Batch Processing

Batching allows you to run asynchronous inference on large inputs in parallel, reducing compute costs while running large workloads at a 50% discount.

Prepare Batch

Prepare and Upload your Batch

A batch is composed of a list of API requests. The structure of an individual request includes:

A unique custom_id for identifying each request and referencing results after completion
A body object with the raw request you would have when calling the original endpoint without batching

Here's an example of how to structure a batch request:

{"custom_id": "0", "body": {"model": "mistral-small-latest", "max_tokens": 100, "messages": [{"role": "user", "content": "What is the best French cheese?"}]}}
{"custom_id": "1", "body": {"model": "mistral-small-latest", "max_tokens": 100, "messages": [{"role": "user", "content": "What is the best French wine?"}]}}

{"custom_id": "0", "body": {"model": "mistral-small-latest", "max_tokens": 100, "messages": [{"role": "user", "content": "What is the best French cheese?"}]}}
{"custom_id": "1", "body": {"model": "mistral-small-latest", "max_tokens": 100, "messages": [{"role": "user", "content": "What is the best French wine?"}]}}

Tip

Each line must be a valid JSON object. Do not add line breaks within a JSON object. The model field inside body is optional when you specify the model at job creation time.

A batch body object can be any valid request body for the endpoint you are using. Below are examples of batches for different endpoints, they have their body match the endpoint's request body.

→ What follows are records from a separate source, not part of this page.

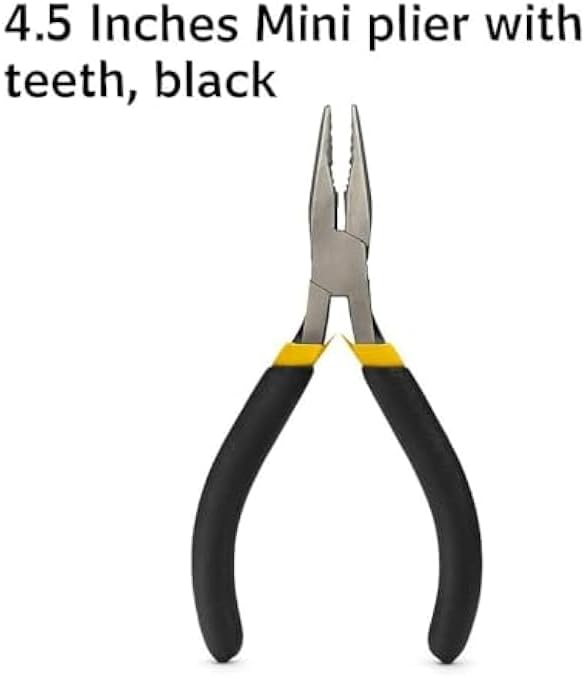 96 Pieces 4.5 Inch Mini Pliers with Serrated Teeth (Black – Mini Hand Pliers for Electronics – Jewelry – Crafts – DIY)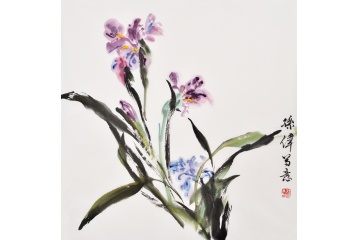孙伟斗方写意花鸟画《暗香》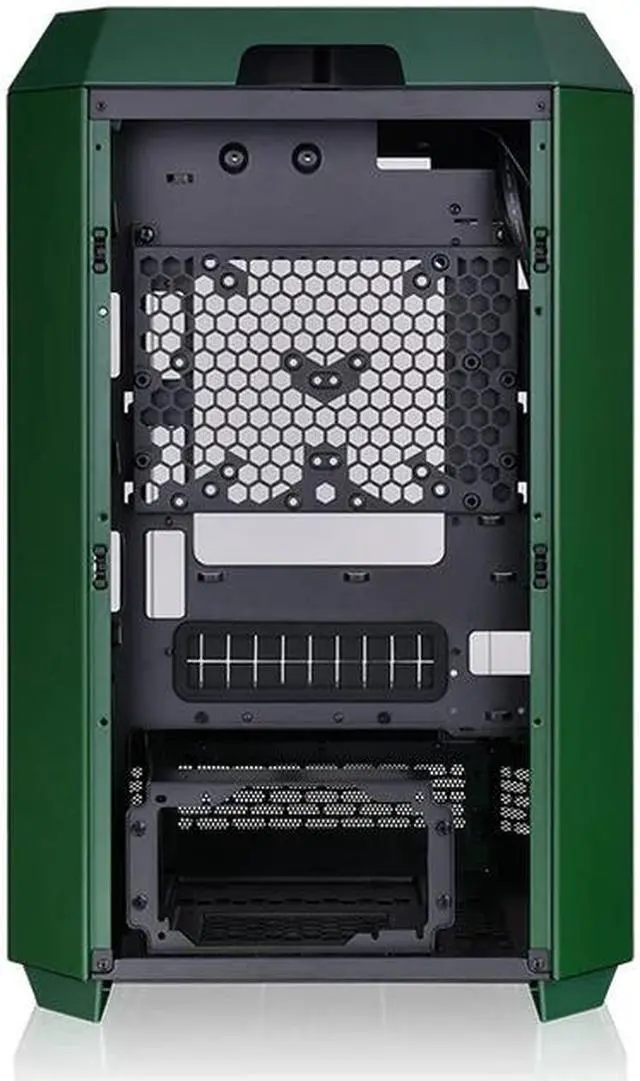 Alt view image 4 of 5 - Thermaltake Tower 300 Racing Green Micro-ATX Case; 2x140mm CT Fan Included; Support Up to 420mm Radiator; Horizontal display capable with optional Chassis Stand Kit/Optional LCD Kit; CA-1Y4-00SCWN-00
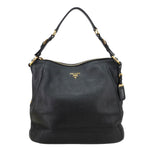 PRADA Vitello Daino Pebbled Leather Hobo Bag Black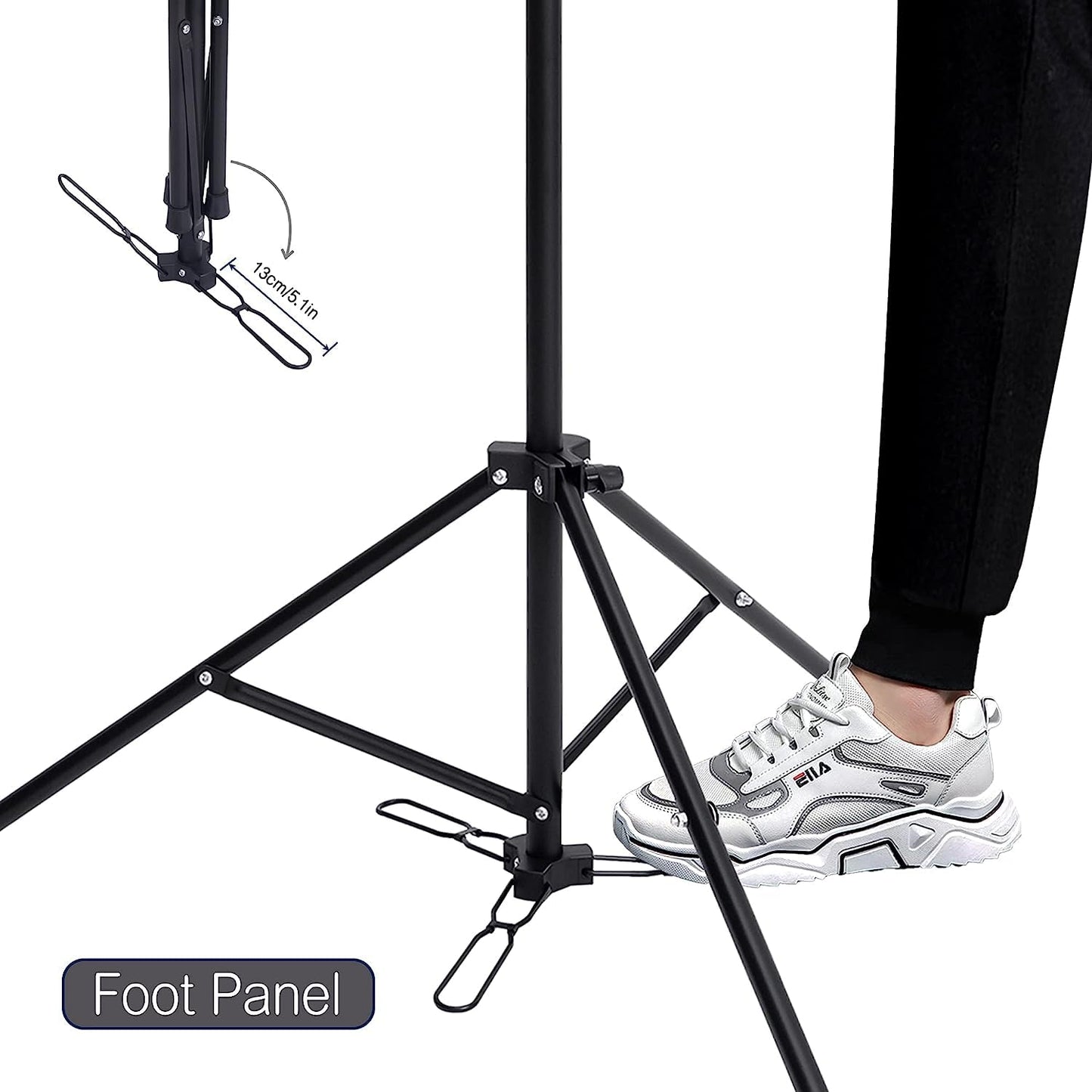 HYOUJIN Tall Wig Head Stand,Wig Stand Tripod Mannequin Head Stand Adjustable Stand With Foot Panel for Mannequin Head,Manikin Head,Canvas Block Head with Wig Caps,T-Pins,Carry Bag 35.4-52.4 inch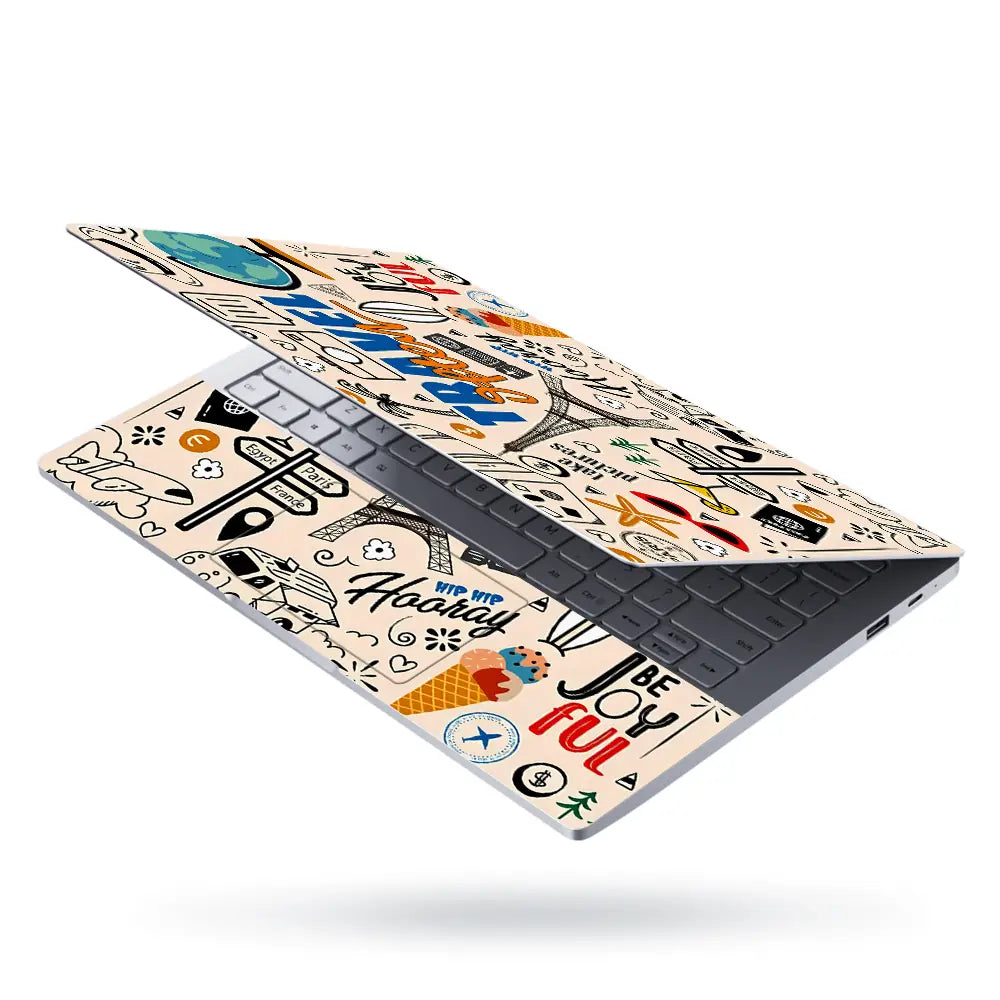 World Map Travel Doodle Sketch Laptop Skin - View 3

A batch file for chat completions, with v1/chat/completions as the Endpoint and ministral-3b-latest as the Model, would look like the following:

{"custom_id": "0", "body": {"max_tokens": 128, "messages": [{"role": "user", "content": "What is the best French cheese?"}]}}
{"custom_id": "1", "body": {"max_tokens": 512, "temperature": 0.2, "messages": [{"role": "user", "content": "What is the best French wine?"}]}}
{"custom_id": "2", "body": {"max_tokens": 256, "temperature": 0.8, "messages": [{"role": "user", "content": "What is the best French pastry?"}]}}

{"custom_id": "0", "body": {"max_tokens": 128, "messages": [{"role": "user", "content": "What is the best French cheese?"}]}}
{"custom_id": "1", "body": {"max_tokens": 512, "temperature": 0.2, "messages": [{"role": "user", "content": "What is the best French wine?"}]}}
{"custom_id": "2", "body": {"max_tokens": 256, "temperature": 0.8, "messages": [{"role": "user", "content": "What is the best French pastry?"}]}}

As a JSONL file, each line represents a request to the API Endpoint and Model.

Explanation

The body request will follow the same format as the endpoint you want to run your batching, except the model id that will be provided only during the job creation to start the batch run. Below we provide an example of row with chat completions:

{
    "custom_id": "2", # An ID as metadata that will be returned in the output file to identify the request
    "body": { # The body of the request
        "max_tokens": 256, # Max tokens corresponding to the max generated tokens for chat completions
        "temperature": 0.8, # The temperature to use for sampling
        "messages": [ # The messages to generate chat completions for
            {
                "role": "user", # The role of the messages author
                "content": "What is the best French pastry?" # The content of the message
            }
        ]
    }
}

{
    "custom_id": "2", # An ID as metadata that will be returned in the output file to identify the request
    "body": { # The body of the request
        "max_tokens": 256, # Max tokens corresponding to the max generated tokens for chat completions
        "temperature": 0.8, # The temperature to use for sampling
        "messages": [ # The messages to generate chat completions for
            {
                "role": "user", # The role of the messages author
                "content": "What is the best French pastry?" # The content of the message
            }
        ]
    }
}

For more information regarding completions, visit the Chat Completions docs and the corresponding API Spec.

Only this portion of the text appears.